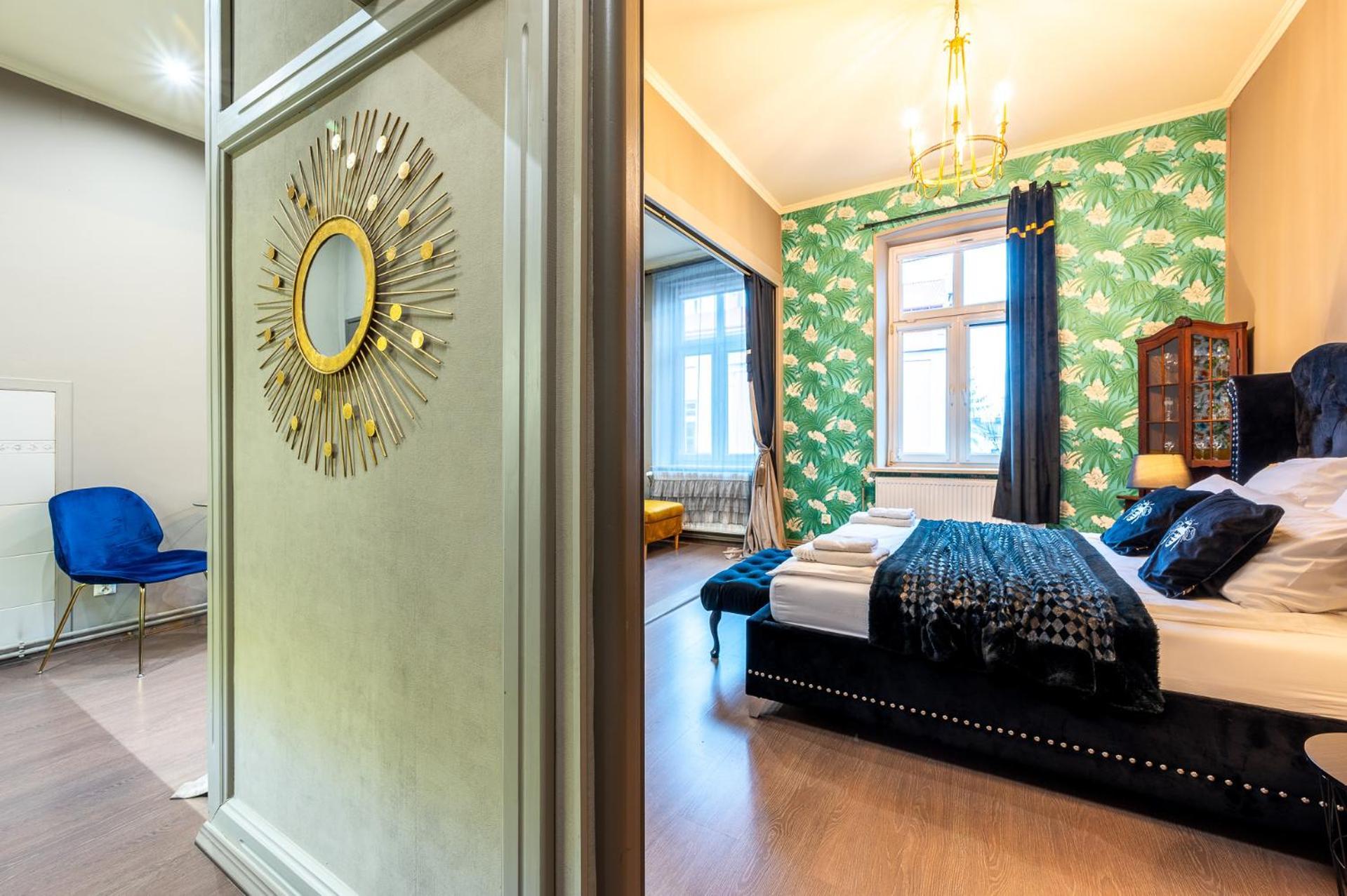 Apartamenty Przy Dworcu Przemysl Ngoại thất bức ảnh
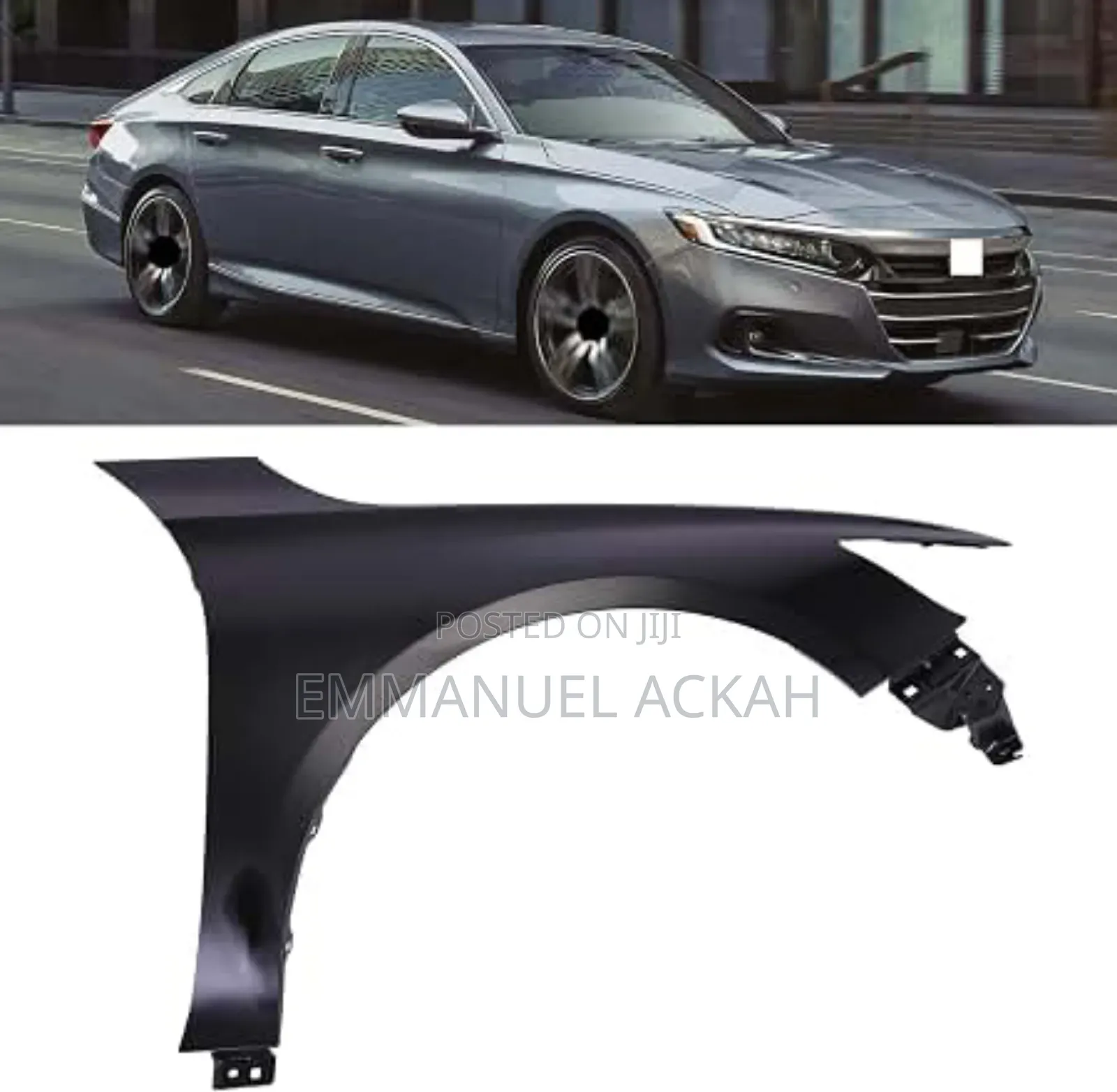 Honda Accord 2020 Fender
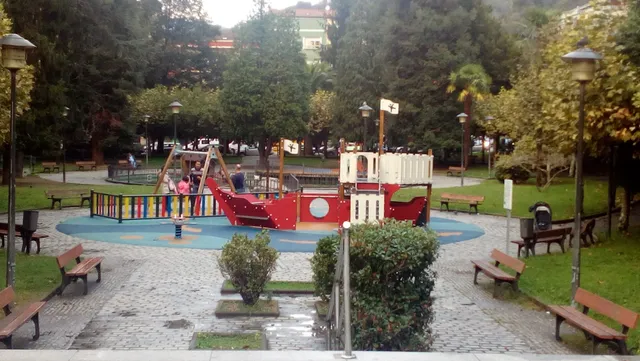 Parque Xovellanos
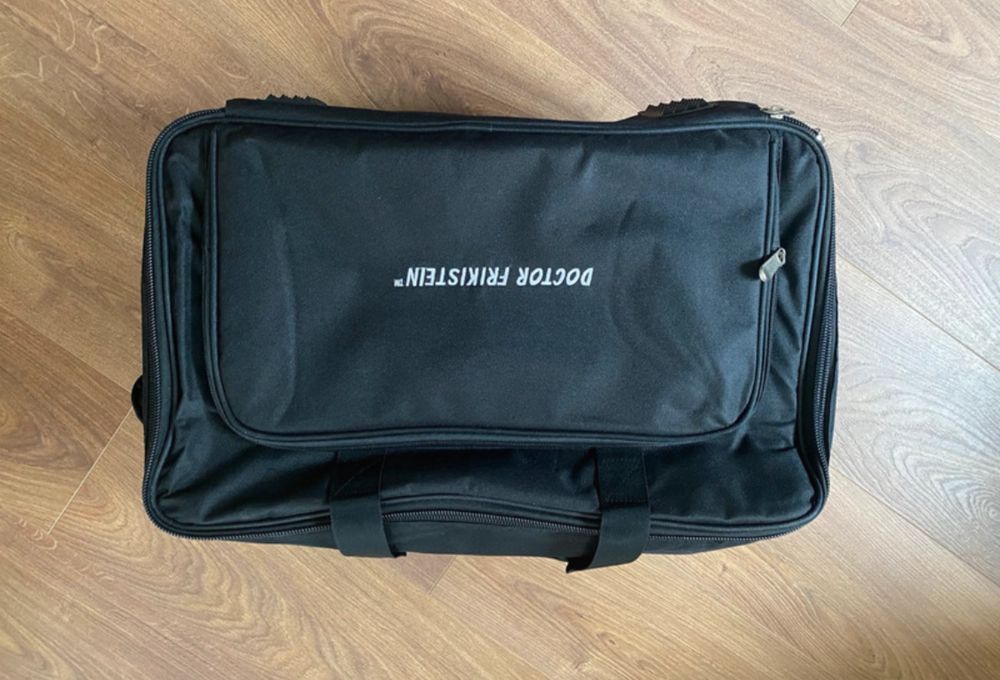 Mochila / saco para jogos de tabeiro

- _What the exercise asks_: Output only the lines from the line that contains "Parque Xovellanos" through the end of the material, both ends included, and skip every picture.

- _Written response_:
 Parque Xovellanos
 Mochila / saco para jogos de tabeiro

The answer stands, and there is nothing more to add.